While Bush's war plans (as well as – according to recent reporting by Jason Leopold on truthout.org – his illegal spying on Americans) predate Sept. 11, 2001, that date is pivotal. The crimes of that day were used to justify another crime.
On Sept. 14, 2001, Congress passed a joint resolution authorizing Bush to "use all necessary and appropriate force against those nations, organizations, or persons he determines planned, authorized, committed, or aided the terrorist attacks that occurred on September 11, 2001, or harbored such organizations or persons." The resolution also said "Nothing in this resolution supercedes any requirement of the War Powers Resolution." That Nixon-era resolution restricts the president's ability to take the nation to war without Congressional approval.
[Powerpoint Slide 3]
On Sept. 25, 2001, Deputy Assistant Attorney General John Yoo wrote a memo stating, "The President may deploy military force preemptively against terrorist organizations or the States that harbor or support them, whether or not they can be linked to the specific terrorist incidents of September 11." The memo says that the president's powers are "unreviewable."
[Powerpoint Slide 4]
The Downing Street Minutes that were leaked to the media this past spring were accompanied by seven other secret documents, one a background paper circulated in preparation for the meeting that the minutes recorded on July 23, 2002. The other six were memos exchanged by top British officials in March, 2002.
The March memos make clear that Bush had determined to go to war and was building a case around WMDs and ties to 9-11, a case that the British found unconvincing. They also make clear that Blair had agreed to go along with the war but was seeking to persuade Bush to invest more effort in winning over public opinion and in "the need to wrongfoot Saddam on the inspectors." That is: to give an ultimatum to Hussein that he would refuse – a refusal that could be used to argue that the war was legal.
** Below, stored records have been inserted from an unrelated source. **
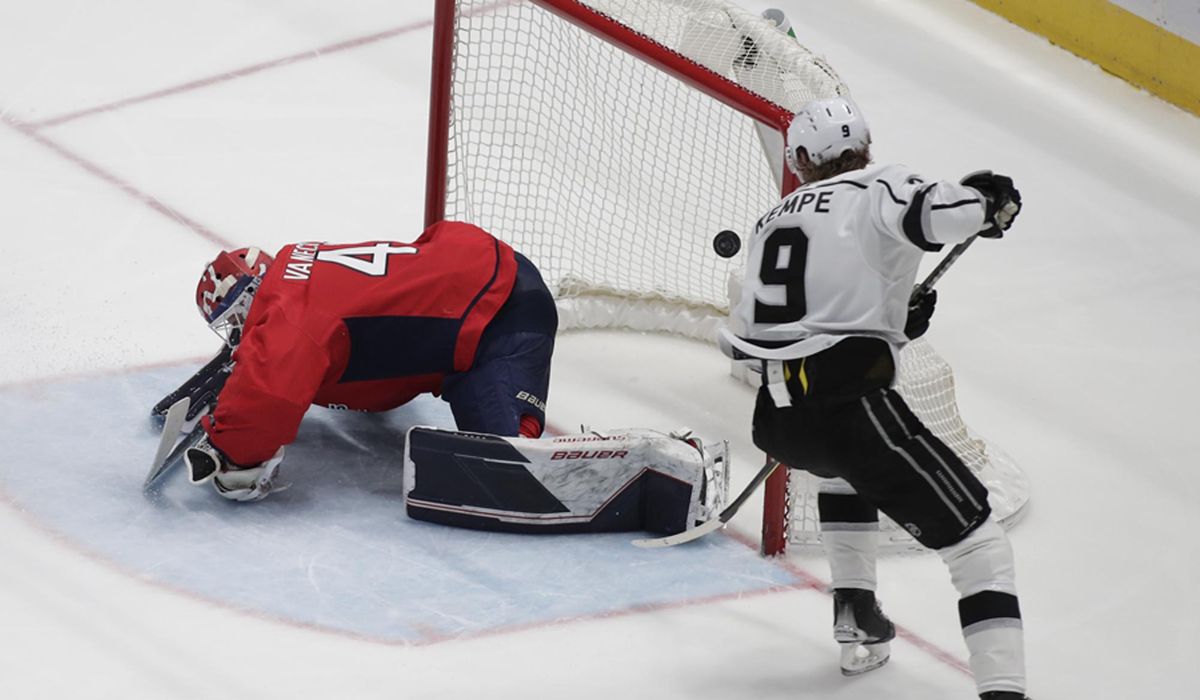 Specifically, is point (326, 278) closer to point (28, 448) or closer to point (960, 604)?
point (28, 448)

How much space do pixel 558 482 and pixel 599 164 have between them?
1.30 meters

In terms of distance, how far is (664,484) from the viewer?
12.1 feet

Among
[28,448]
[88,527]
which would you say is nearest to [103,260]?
[28,448]

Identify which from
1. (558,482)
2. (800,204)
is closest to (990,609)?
(800,204)

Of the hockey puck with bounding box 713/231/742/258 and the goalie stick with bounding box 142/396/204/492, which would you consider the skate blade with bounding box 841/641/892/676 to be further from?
the goalie stick with bounding box 142/396/204/492

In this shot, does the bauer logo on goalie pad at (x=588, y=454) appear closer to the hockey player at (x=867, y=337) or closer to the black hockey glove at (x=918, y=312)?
the hockey player at (x=867, y=337)

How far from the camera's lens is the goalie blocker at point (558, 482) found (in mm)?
3605

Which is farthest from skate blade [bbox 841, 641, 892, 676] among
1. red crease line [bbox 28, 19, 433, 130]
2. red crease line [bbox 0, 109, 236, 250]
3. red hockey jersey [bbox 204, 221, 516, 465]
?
red crease line [bbox 28, 19, 433, 130]

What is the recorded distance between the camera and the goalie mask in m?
3.74

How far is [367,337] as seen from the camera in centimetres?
372

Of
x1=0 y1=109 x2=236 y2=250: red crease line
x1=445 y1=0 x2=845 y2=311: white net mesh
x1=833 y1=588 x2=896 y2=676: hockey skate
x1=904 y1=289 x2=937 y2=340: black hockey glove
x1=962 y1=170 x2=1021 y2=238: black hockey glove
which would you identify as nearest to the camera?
x1=962 y1=170 x2=1021 y2=238: black hockey glove

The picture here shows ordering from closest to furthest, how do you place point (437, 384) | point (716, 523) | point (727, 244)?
point (716, 523)
point (437, 384)
point (727, 244)

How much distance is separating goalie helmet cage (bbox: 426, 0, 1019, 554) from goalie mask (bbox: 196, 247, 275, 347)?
25.8 inches

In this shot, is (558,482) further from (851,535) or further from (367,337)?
(851,535) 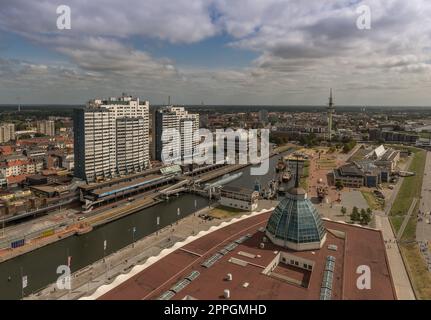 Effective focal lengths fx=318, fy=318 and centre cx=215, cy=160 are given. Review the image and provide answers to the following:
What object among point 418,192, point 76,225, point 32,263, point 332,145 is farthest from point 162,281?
point 332,145

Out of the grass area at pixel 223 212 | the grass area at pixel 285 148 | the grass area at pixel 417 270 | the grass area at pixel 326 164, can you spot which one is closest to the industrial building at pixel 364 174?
the grass area at pixel 326 164

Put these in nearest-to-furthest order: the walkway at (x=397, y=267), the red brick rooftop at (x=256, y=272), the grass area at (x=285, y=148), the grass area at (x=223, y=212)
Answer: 1. the red brick rooftop at (x=256, y=272)
2. the walkway at (x=397, y=267)
3. the grass area at (x=223, y=212)
4. the grass area at (x=285, y=148)

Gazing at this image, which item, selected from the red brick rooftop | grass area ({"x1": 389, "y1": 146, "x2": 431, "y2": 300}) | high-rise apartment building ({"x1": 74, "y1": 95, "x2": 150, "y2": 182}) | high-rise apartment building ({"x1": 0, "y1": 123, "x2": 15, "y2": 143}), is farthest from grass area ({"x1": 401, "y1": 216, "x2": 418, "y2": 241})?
high-rise apartment building ({"x1": 0, "y1": 123, "x2": 15, "y2": 143})

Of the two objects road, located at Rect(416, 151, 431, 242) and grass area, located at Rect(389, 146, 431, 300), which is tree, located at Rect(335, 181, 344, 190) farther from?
road, located at Rect(416, 151, 431, 242)

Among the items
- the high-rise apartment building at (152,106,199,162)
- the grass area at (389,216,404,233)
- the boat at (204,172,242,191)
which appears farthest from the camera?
the high-rise apartment building at (152,106,199,162)

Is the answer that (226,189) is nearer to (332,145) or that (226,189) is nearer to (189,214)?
(189,214)

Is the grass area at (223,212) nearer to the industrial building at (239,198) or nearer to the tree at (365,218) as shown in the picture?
the industrial building at (239,198) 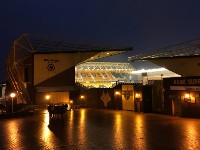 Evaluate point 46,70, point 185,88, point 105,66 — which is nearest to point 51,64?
point 46,70

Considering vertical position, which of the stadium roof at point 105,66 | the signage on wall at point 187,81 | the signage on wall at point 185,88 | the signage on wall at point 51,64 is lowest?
the signage on wall at point 185,88

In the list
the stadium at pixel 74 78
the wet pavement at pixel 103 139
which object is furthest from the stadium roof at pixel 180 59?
the wet pavement at pixel 103 139

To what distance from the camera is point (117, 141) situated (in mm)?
14000

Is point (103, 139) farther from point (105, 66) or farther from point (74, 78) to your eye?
point (105, 66)

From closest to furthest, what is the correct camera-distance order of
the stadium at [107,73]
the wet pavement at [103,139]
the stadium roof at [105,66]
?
1. the wet pavement at [103,139]
2. the stadium at [107,73]
3. the stadium roof at [105,66]

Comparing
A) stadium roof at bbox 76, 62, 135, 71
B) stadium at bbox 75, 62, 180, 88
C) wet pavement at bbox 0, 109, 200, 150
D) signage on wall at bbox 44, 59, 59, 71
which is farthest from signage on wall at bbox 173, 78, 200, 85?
stadium roof at bbox 76, 62, 135, 71

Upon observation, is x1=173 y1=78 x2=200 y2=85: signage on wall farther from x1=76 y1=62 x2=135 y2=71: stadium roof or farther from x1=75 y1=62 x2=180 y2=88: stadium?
x1=76 y1=62 x2=135 y2=71: stadium roof

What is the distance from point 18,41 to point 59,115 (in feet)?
46.3

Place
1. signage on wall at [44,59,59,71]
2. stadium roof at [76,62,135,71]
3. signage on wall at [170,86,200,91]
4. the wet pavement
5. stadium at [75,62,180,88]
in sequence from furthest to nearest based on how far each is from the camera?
stadium roof at [76,62,135,71]
stadium at [75,62,180,88]
signage on wall at [44,59,59,71]
signage on wall at [170,86,200,91]
the wet pavement

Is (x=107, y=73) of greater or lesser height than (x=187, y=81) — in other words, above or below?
above

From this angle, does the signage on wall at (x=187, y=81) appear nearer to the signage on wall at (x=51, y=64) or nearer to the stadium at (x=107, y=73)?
the signage on wall at (x=51, y=64)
By July, 2002, Blair still had concerns. We have known since last May that on July 23, 2002, as recorded in the Downing Street Minutes, Blair was briefed by Sir Richard Dearlove, the head of MI6, about talks he had recently had with members of the Bush administration.
[Powerpoint Slide 5]
But it was only this month, with the publication of James Risen's book "State of War" that we learned that Dearlove was in part reporting on a CIA-MI6 summit he had attended with other top MI6 officials at CIA headquarters on Saturday, July 20, 2002, and that, according to "a former senior CIA officer," the meeting was held "at the urgent request of the British." CIA officials believe "Blair had ordered Dearlove to go to Washington to find out what the Bush administration was really thinking about Iraq." During the day-long summit, Dearlove met privately with CIA head George Tenet for an hour and a half.
[Powerpoint Slide 6]
Risen is a New York Times reporter. It was this same book that compelled the New York Times to publish the story of unauthorized NSA spying. No U.S. corporate media outlet has yet published the story of the CIA-MI6 meeting. It is unclear for how many months the New York Times refused to publish that story prior to the release of Risen's book, but it clearly intends to maintain its silence.
[Powerpoint Slide 7]
Three days after that meeting, and months before Bush went to Congress or the UN or the public for approval of a war, Blair and Dearlove met at #10 Downing Street, and the minutes of that meeting are recorded as the Downing Street Minutes or Downing Street Memo. Also taking part in the meeting were:
Prime Minister Tony Blair
Foreign Secretary Jack Straw
Then Defence Secretary Geoff Hoon
Attorney General Lord Goldsmith
Chairman of the Joint Intelligence Committee John Scarlett
Admiral Sir Michael Boyce, Chief of Defence Staff, head of Britain’s armed forces
Sir David Manning, a foreign policy advisor
and Matthew Rycroft, a Downing Street foreign policy aide who took the minutes
The Downing Street Minutes are short, to the point, and shocking. They make clear that
1. Bush had already decided to go to war long before approaching Congress or the public or the UN about it, and had already started the attack with increased bombings;
2. Bush had already decided to lie about weapons of mass destruction and ties to 9-11;
3. The Brits were concerned by the illegality of an aggressive war, but the Bush Administration was not;
4. Going to the UN was an attempt to justify the war, and the hope was to craft an ultimatum that Saddam Hussein would reject;
5. The focus of the Bush and Blair administrations was on selling the war to the public, and not at all on trying to avoid it;
6. The Bush and Blair administrations were aware that Iraq was no threat, and were willing to attack Iraq precisely because it posed no serious threat of fighting back.
[Powerpoint Slide 8]
When the Downing Street Minutes were first published by the Sunday London Times, shortly before the 2005 British election, the Blair Administration chose not to deny their authenticity. Shortly after the Minutes were released, sources within both the Bush and Blair Administrations confirmed their accuracy to the press. A former senior US official told Knight Ridder that the Downing Street Minutes were "an absolutely accurate description of what transpired." Two senior British officials, who asked not to be further identified, told Newsweek in separate interviews that they had no reason to question the authenticity of the Downing Street Minutes.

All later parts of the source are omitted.